By: Samuel Greengard
In the last few years, many organizations have grappled with the task of managing customer relationships effectively. As traditional communication channels, such as print, have morphed into a growing tangle of electronic offerings, the tools and methods required to connect with customers have undergone a fundamental change.
Nowhere are the challenges more acute than in the mobile arena.
“Organizations face enormous challenges and opportunities in today’s business environment,” said David Nichols, America’s leader in the CIO Services Practice at Ernst & Young. “A well-defined mobile strategy is now a critical part of how a company deals with its customers.”
How can organizations define a basic customer-focused mobile strategy?
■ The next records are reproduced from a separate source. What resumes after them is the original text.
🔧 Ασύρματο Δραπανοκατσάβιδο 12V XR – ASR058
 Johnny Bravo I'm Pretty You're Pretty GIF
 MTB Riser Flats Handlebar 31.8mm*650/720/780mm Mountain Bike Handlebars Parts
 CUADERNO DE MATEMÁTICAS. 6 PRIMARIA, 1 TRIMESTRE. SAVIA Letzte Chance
How can they use mobile applications and tools to fully engage customers and boost loyalty? And how can they cope with customer-driven IT decision making and generations of tools that change in the blink of an eye? There are no easy answers.
The first thing to understand is that interaction in the mobile space is “fundamentally different” than it is any other channel, including standard Web browsing, observes Andrew Borg, an analyst with the Aberdeen Group.
While most industry observers are busy trumpeting the consumerization of IT, Borg is taking a somewhat contrarian view and describing the current environment as the “IT-erization” of consumers. Either way, “They’ve taken the reins and they now dictate what types of tools and systems organizations will use to interact with their customers,” said Borg. Above all else, this means that retailers and others must create a stellar user experience, both visually and functionally.
“It’s not enough to simply port over a Web app to a smartphone or tablet,” Borg said.
In fact, it’s increasingly necessary to optimize a site and performance for different types of devices: plain old cell phones, smartphones and tablets, as well as laptops and desktop PCs with a standard Web browser.
“The bar is set extremely high with mobile apps,” said Borg. “Consumers are demanding this level of usability and performance across the device spectrum, and they bring these demands into the workplace as well.”
Moreover, it’s critical to incorporate the range of capabilities that a device offers. All the various sensors embedded in a device must become part of the developer’s toolset. These include GPS, cameras, audio, WiFi, accelerometers and other capabilities. It also means tying into social media and other tools to create features that didn’t exist-and in some cases couldn’t have been imagined-only a few years ago.
As Nichols puts it: “The sum of the technologies is greater than the individual parts.”
A Mobile Initiative Must Be a Good Fit for the Organization
Putting Mobile to Work
Above all else, a mobile initiative must be a good fit for the organization and its customers, but this could be difficult to achieve, given today’s tight budgets, limited development capabilities and constant change. In many cases, a business must decide what provides the biggest boost to the customer’s actual experience.
“Simply having a mobile app or offering one isn’t good enough,” Borg explains. “Unless an app can increase end-user intimacy, transaction rates and the overall business value there’s really no point.”
Borg believes that organizations must pay close attention to digital marketing tools, electronic coupons, proximity-based promotions, digital wallets, loyalty data and more. Although all the technology pieces haven’t yet come together to create a seamless solution, it’s only a matter of time.
“The mobile environment is moving extraordinarily fast,” Borg said. “Mobile-enabled commerce is without a doubt one of the biggest, unrealized opportunities before us.”
Nichols adds that it’s important to put analytics and big data to use-while recognizing that “different groups and subcultures are reachable via mobile devices and mobile platforms.” It’s also possible to target customers and interact with them using GPS data, social media feeds and other tools.
“We have entered a new era, and companies must understand that the customer now drives the technology that’s used, how it’s used and how the overall communication process will take place,” Nichols said.